En los tres programas, los patitos feos, y lo digo siempre de manera metafórica y con todo el respeto y cariño, han alcanzado el éxito, han conseguido obtener ese premio que los lleva a la popularidad por un lado, y a alcanzar su sueño individual (que también es colectivo), por otro. Y curiosamente en los tres programas se sabía casi con una completa seguridad quienes iban a resultar ser los ganadores, quienes se llevarían el premio y el reconocimiento público y social, y pese a ello, en las finales de cada programa, España se sentaba delante del televisor para presenciarlo. Y visto con una cierta perspectiva, en cada uno de los programas, los ganadores representan esos valores que se han querido transmitir o mejor dicho utilizar, la bondad, el esfuerzo, la humildad y los sueños, valores que encontramos en muchos de los cuentos infantiles.
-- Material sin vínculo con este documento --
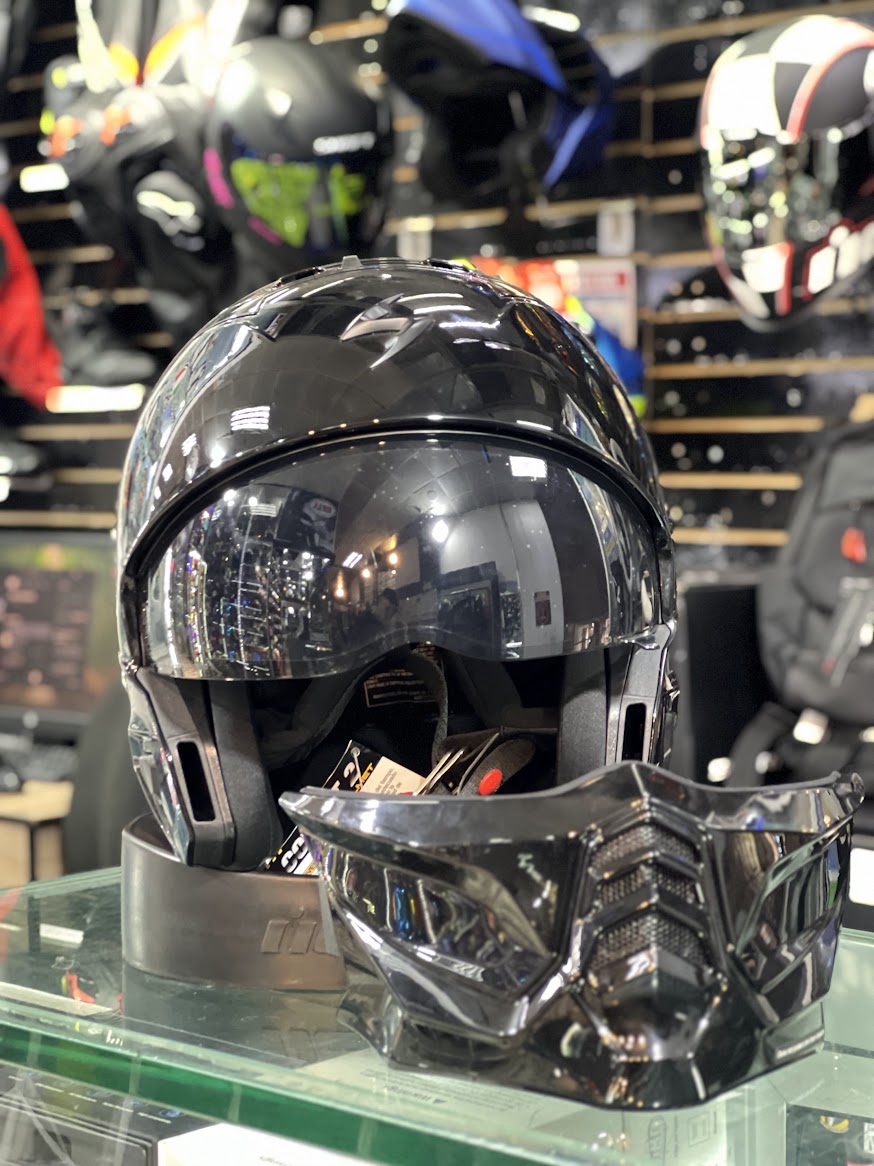 SCORPION COVER 2 NEGRO BRILLO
Pero ahora ya sólo me queda una cosa, me gustaría que esos valores que se han utilizado e incluso me atrevería a decir que se han transmitido, realmente se valoren y estén presentes en las escuelas, los institutos, las universidades, en las escuelas de artistas, en los conservatorios de música, en las escuelas de cocina, en definitiva, en la sociedad en general, porque tengo la extraña sensación de que podemos encontrarnos con actores, músicos, cocineros, y cualquier otro profesional de la rama de actividad que sea, que después de ver estas experiencias, puedan dudar de sus años de esfuerzo, trabajo y formación, y piensen que quizás sea mejor presentarse a un concurso de televisión y obtener ese premio de una forma mucho mas rápida; más que dedicarse a trabajar y formarse durante años, tanto profesional como personalmente, y piensen que los sueños se alcanzan en un plató de televisión.